The findings come on the back of a back and forth effort to open network infrastructure sharing in the country due to a complicated negotiation process with a number of stakeholders including the Communications Authority of Kenya.
The regulator, through its director general Francis Wangusi, has been pushing for the implementation of the agenda since March last year to offer small operators access to the limited resources at lower prices.
According to initial plans, the government would provide a spectrum and private companies would roll out and operate the wholesale network.
The regulator had suggested that an LTE consortium should cover 98 percent of the population. “Some supporters claim that these networks will deliver greater coverage than market competition can. However, those making this claim often gloss over the fact that in order to be built, the SWN or WOAN require significant public subsidies and other forms of support which are typically not available to competing network operators,” the report states.
According to this report, only Rwanda, out of the five countries that originally considered implementing network infrastructure sharing, has rolled out a network. The five countries include Kenya, Russia, Rwanda, Mexico and South Africa.
The association has instead urged the government to support the ability of mobile operators to enter into infrastructure sharing agreements on a voluntary basis.
This includes application of market-friendly spectrum assignment methods to maximise coverage using appropriate spectrum license conditions that will extend mobile services to less connected areas.
As per the study, Rwanda, despite implementing the plan, is still unlikely to achieve coverage, price and competition goals.
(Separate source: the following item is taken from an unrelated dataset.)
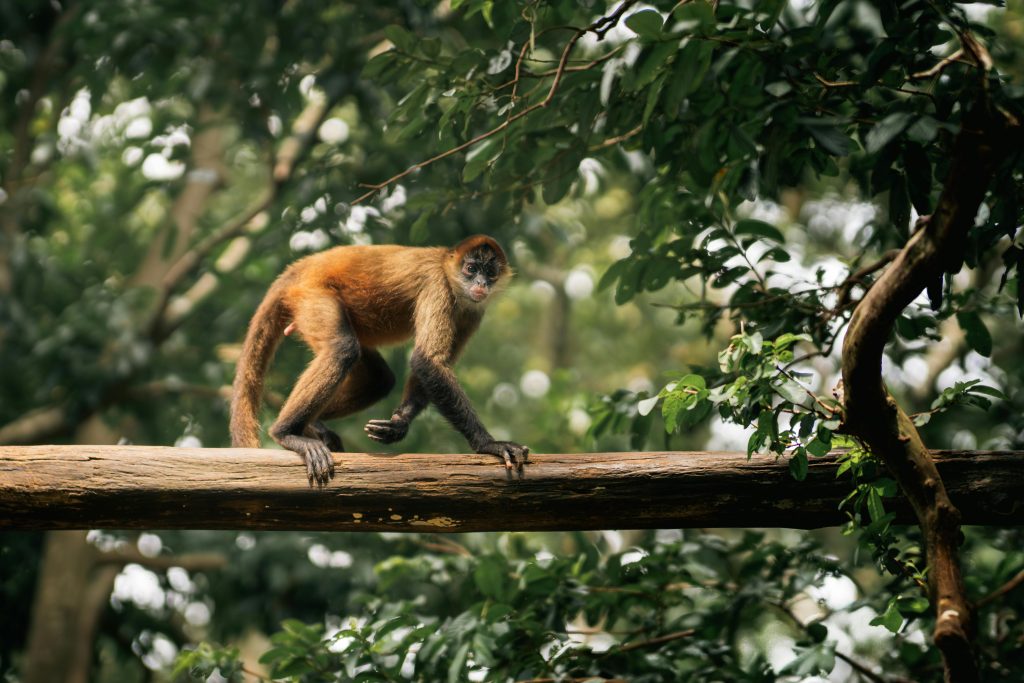 Spider monkey walking on a tree branch in Alajuela, Costa Rica rainforest.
As of July 2016, the country’s LTE-based network was available in 25 out of 30 districts with population coverage estimated at around 30 percent which is way below the original coverage target of 95 percent to be achieved by the end of 2017.
In Russia, the initiative failed completely since carriers were not able to reach an agreement and went their own way on LTE, after reportedly insisting on choosing their own vendors. This is despite the country’s telco Scartel being allocated 40 MHz of spectrum in the 2.6 GHz band and given the first license to offer LTE services.
South Africa has renewed it’s plans to go further than other countries have dared by using all spectrum bands. However if the plan fail, the country’s economy will be negatively impacted, according to the report.
Mexico’s plan to implement the agenda has oftenly been delayed since 2014. Last year, the Altán consortium won a bid from the government to build the Wholesale LTE network.